Input for this task:

═══

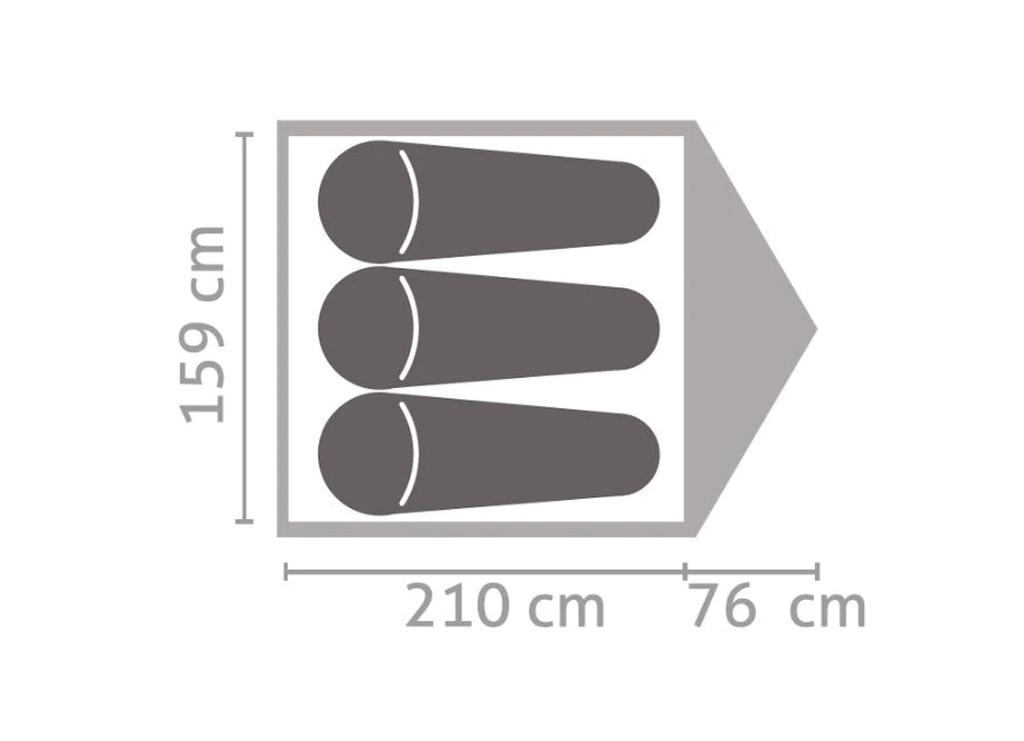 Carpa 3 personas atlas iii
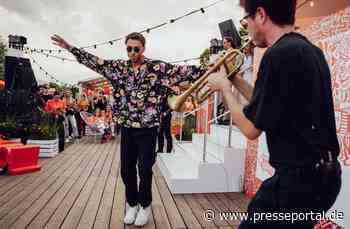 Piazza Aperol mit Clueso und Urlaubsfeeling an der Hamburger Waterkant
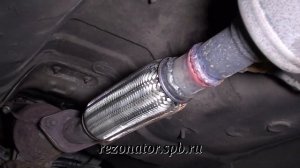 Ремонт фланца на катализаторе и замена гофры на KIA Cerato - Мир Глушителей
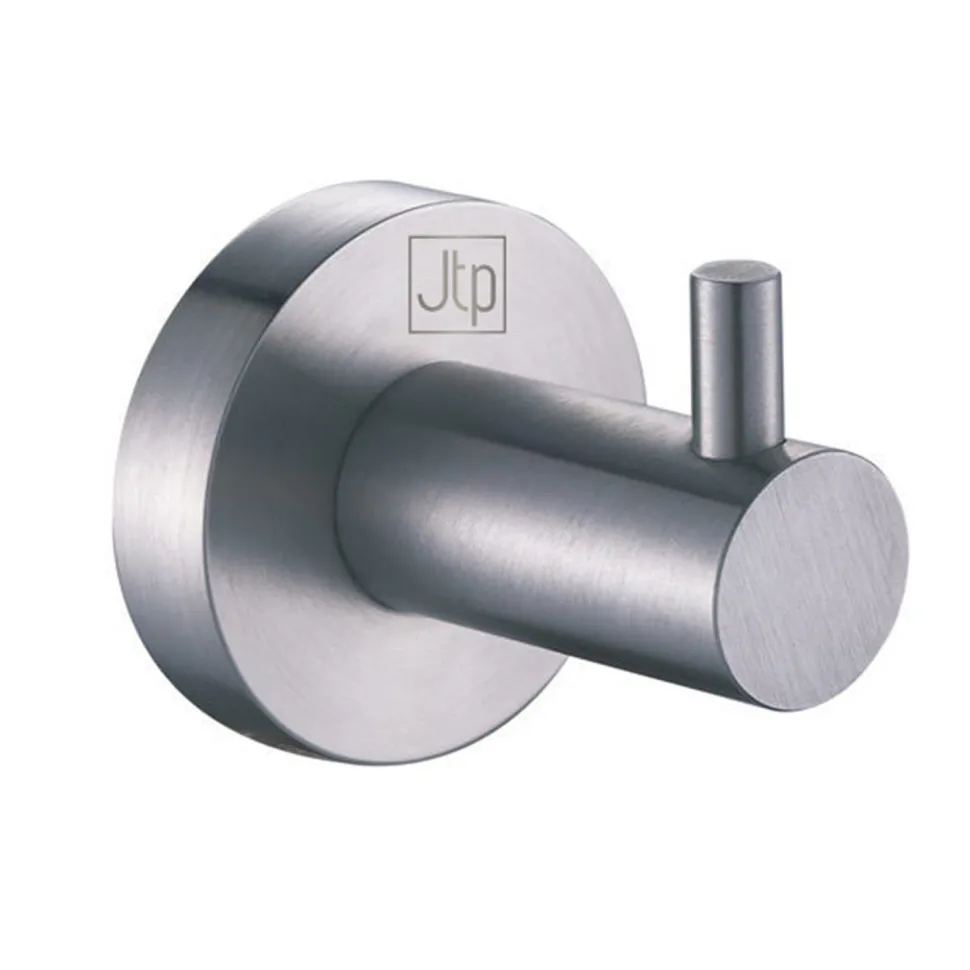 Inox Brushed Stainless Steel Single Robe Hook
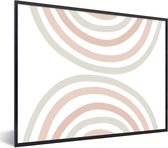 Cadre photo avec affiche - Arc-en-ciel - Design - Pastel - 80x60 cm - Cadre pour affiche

═══

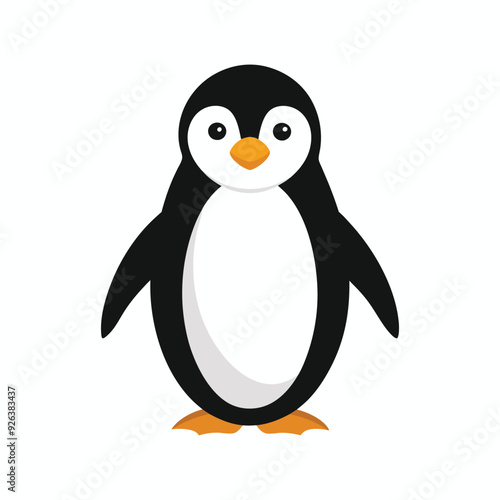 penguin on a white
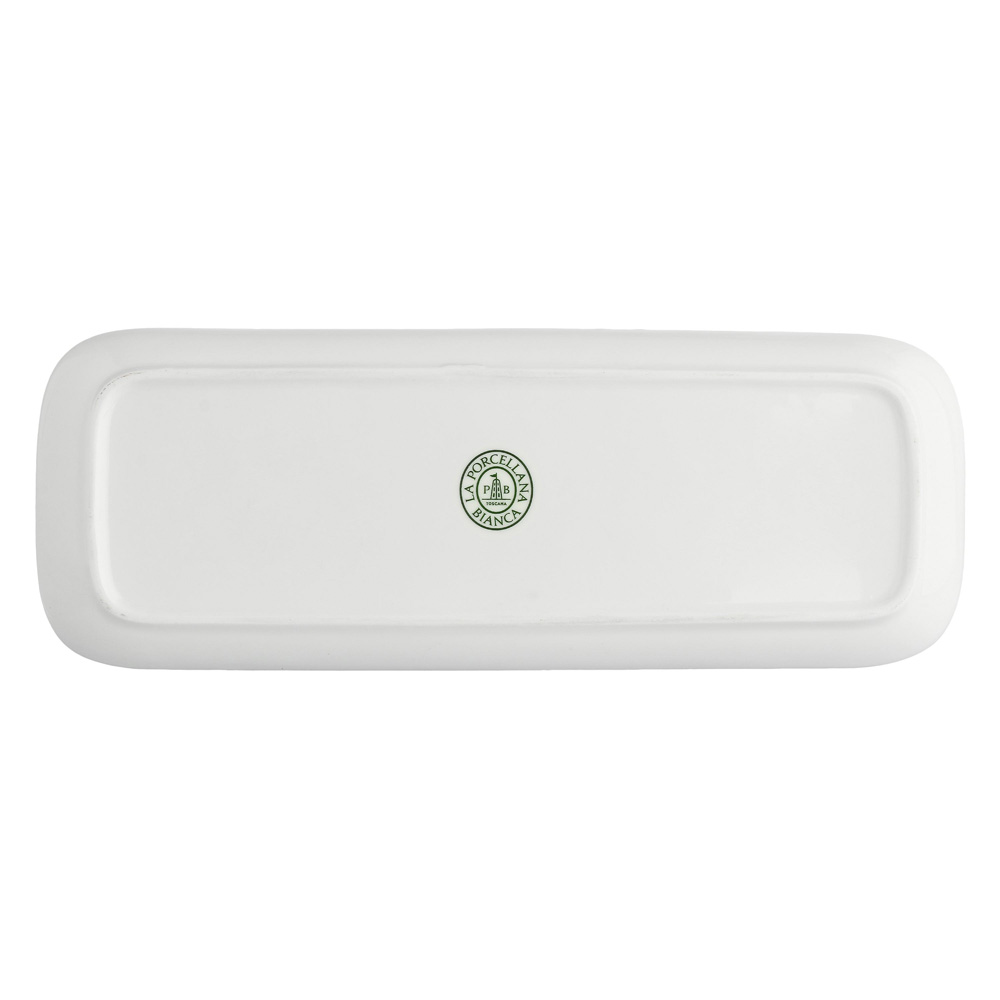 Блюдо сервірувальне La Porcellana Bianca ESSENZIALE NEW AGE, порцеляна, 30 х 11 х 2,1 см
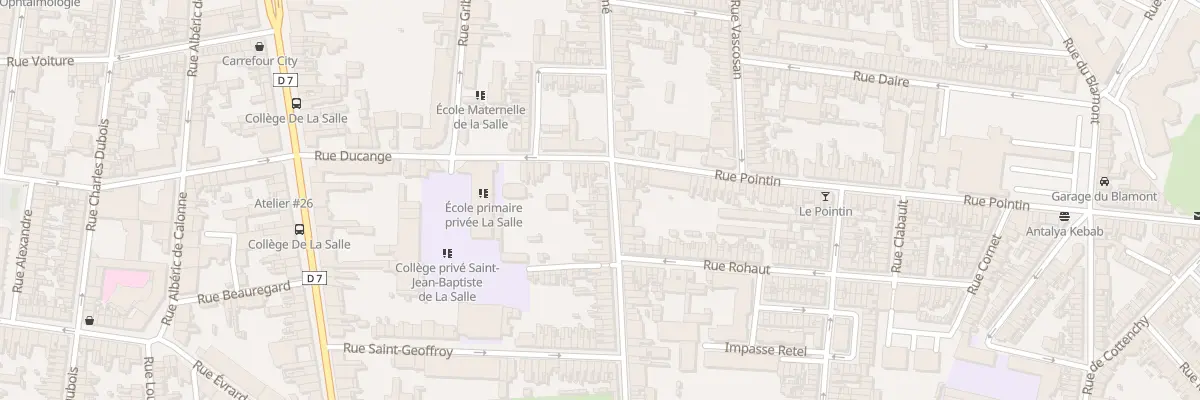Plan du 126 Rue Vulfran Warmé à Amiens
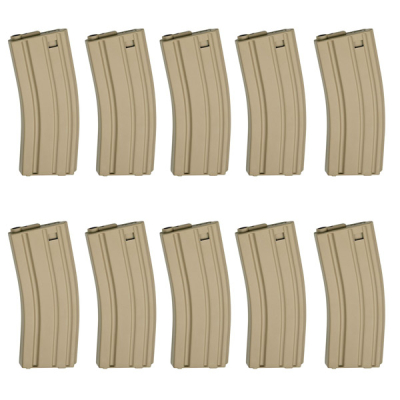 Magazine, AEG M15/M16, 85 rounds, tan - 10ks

═══

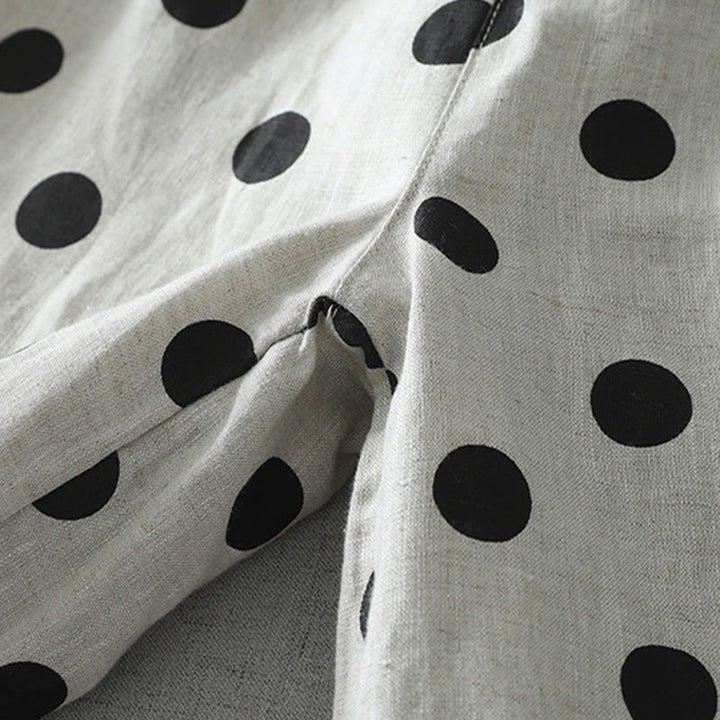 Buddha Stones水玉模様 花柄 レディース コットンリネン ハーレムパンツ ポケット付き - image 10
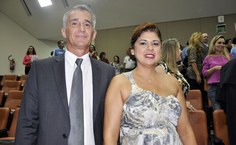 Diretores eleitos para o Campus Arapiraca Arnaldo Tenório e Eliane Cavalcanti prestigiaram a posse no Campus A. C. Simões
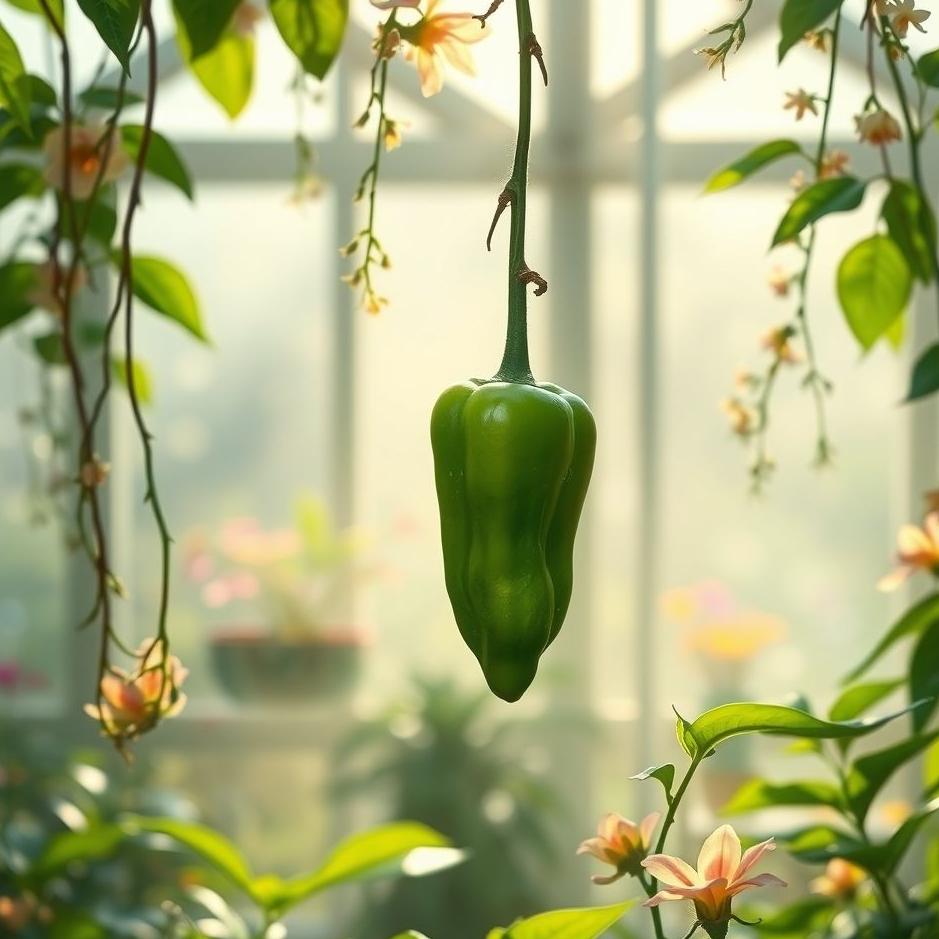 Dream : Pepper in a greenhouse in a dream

═══

What belongs in the answer is each line above from the line with "Ремонт фланца на" to the line with "Cadre photo avec", inclusive, reproduced exactly and free of pictures.

Response to this exercise:
 Ремонт фланца на катализаторе и замена гофры на KIA Cerato - Мир Глушителей
 Inox Brushed Stainless Steel Single Robe Hook
 Cadre photo avec affiche - Arc-en-ciel - Design - Pastel - 80x60 cm - Cadre pour affiche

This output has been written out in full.